*Records for this exercise*

>>>>

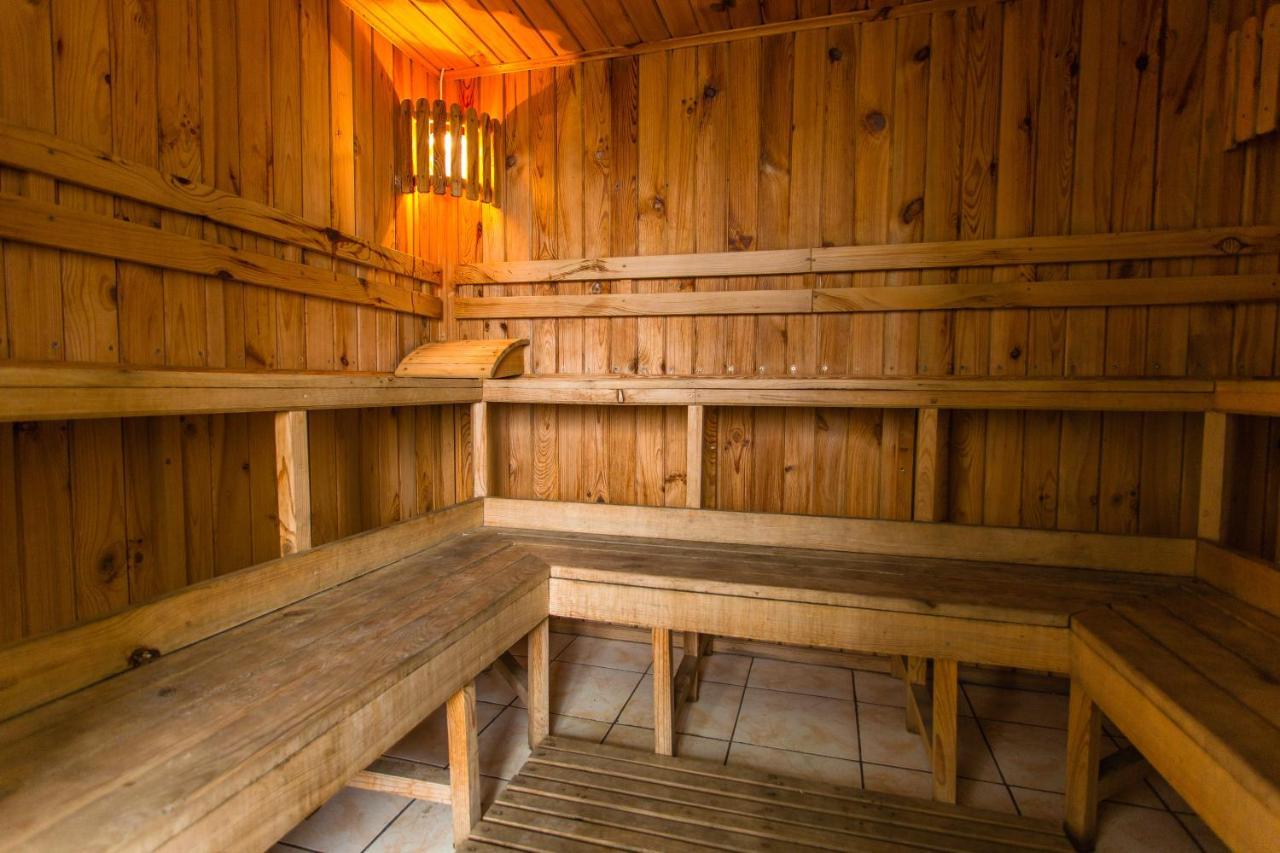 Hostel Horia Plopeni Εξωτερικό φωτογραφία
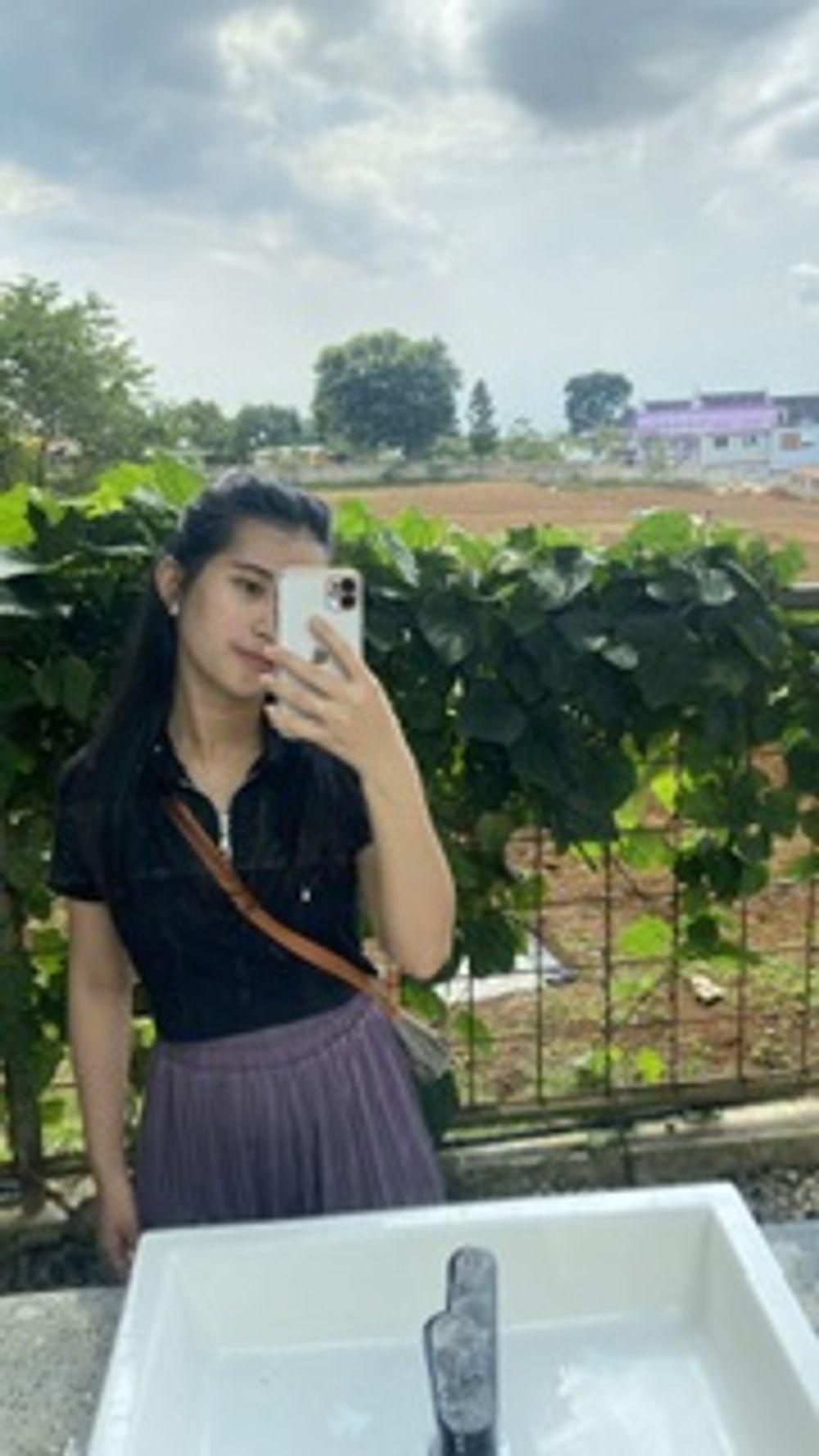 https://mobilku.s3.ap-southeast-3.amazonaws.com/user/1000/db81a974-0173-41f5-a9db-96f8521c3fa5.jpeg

<<<<
>>>>

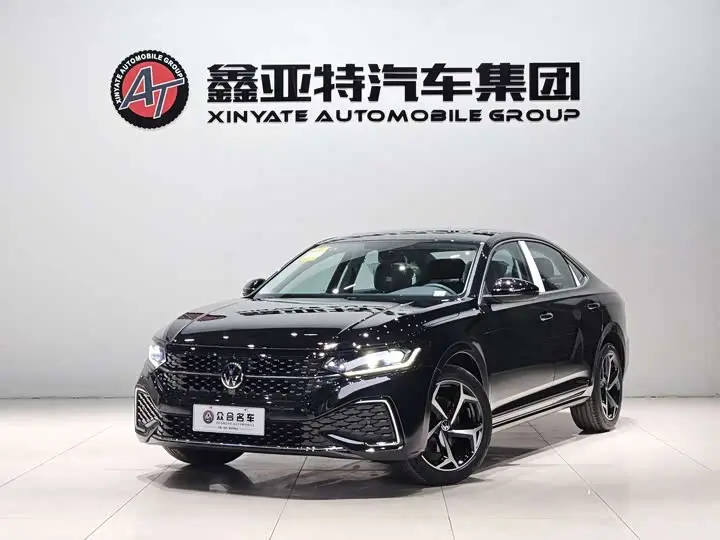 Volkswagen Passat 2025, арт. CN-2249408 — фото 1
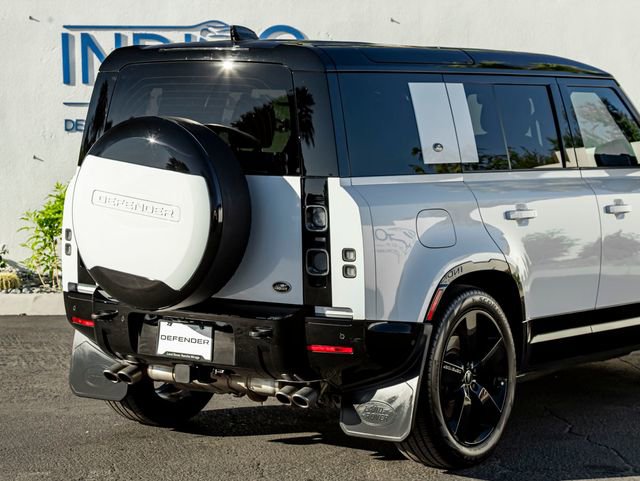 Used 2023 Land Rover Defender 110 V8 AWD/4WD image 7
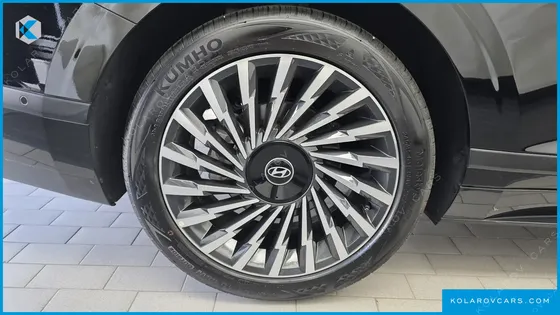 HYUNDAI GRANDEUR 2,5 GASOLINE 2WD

<<<<
>>>>

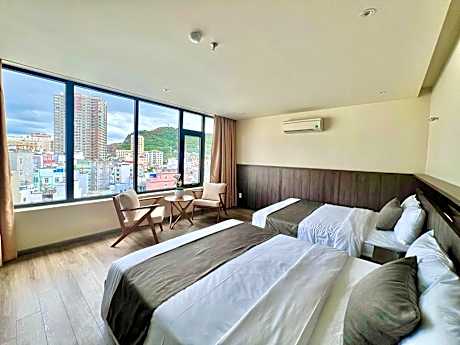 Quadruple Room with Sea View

<<<<

*The problem*
Return, exactly as they stand, the lines above from the one with "Volkswagen Passat 2025, арт." to the one with "HYUNDAI GRANDEUR 2,5 GASOLINE 2WD", omitting any pictures among them.

*Output below*
 Volkswagen Passat 2025, арт. CN-2249408 — фото 1
 Used 2023 Land Rover Defender 110 V8 AWD/4WD image 7
 HYUNDAI GRANDEUR 2,5 GASOLINE 2WD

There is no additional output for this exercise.